Freeport had only one mine, but it was massive: the Grasberg copper and gold mine in Indonesia, developed by Mr. Moffett, a colorful Southerner known for his Elvis impersonations and his ability to forge political connections in remote places.

Among Phelps Dodge’s 11 copper mining properties was Cerro Verde, located amid dormant volcanoes 20 miles southwest of Arequipa, a picturesque Spanish colonial town dubbed the White City for the color of its stone buildings.

P1-BV944A_SUPER_9U_20160104183946

Peru’s mineral wealth has been known to foreign investors since the Spanish conquistadors invaded in the 16th century. Gold and silver were the big prizes until miners from the newly industrializing U.S. arrived early last century with a new target: copper.

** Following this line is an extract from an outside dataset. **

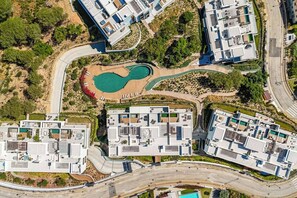 An aerial view of a residential area with modern buildings, a curved road, and a central swimming pool. - Venere Retreat: Serenity and Design (Marbella)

Discovered in the 19th century, the Cerro Verde deposit was considered so inconsequential it wasn’t even mined industrially until the 1970s. Then it became “a small mine that had been badly managed by the Peruvian state,” said Carlos Galvez, chief financial officer of Cia de Minas Buenaventura SAA, which has had a minority stake in the mine since the 1990s. The site, which receives only 1.5 inches of rain a year, had insufficient power and water.

Mr. Adkerson and his team, bullish copper advocates, believed Cerro Verde could be much bigger. “We determined from the outset that Phelps Dodge had not been aggressive enough in drilling” to evaluate the possibility of an expansion,” said Mr. Adkerson. “And the benefit of the merger was that we could use the [profits of the] Grasberg mine to support” Cerro Verde and other expansion projects.

Freeport’s drillers concluded Cerro Verde had twice as much copper available as originally estimated, and in 2008, just over a year after the Phelps Dodge deal closed and with copper at $3.94 a pound, Freeport started work on an expansion.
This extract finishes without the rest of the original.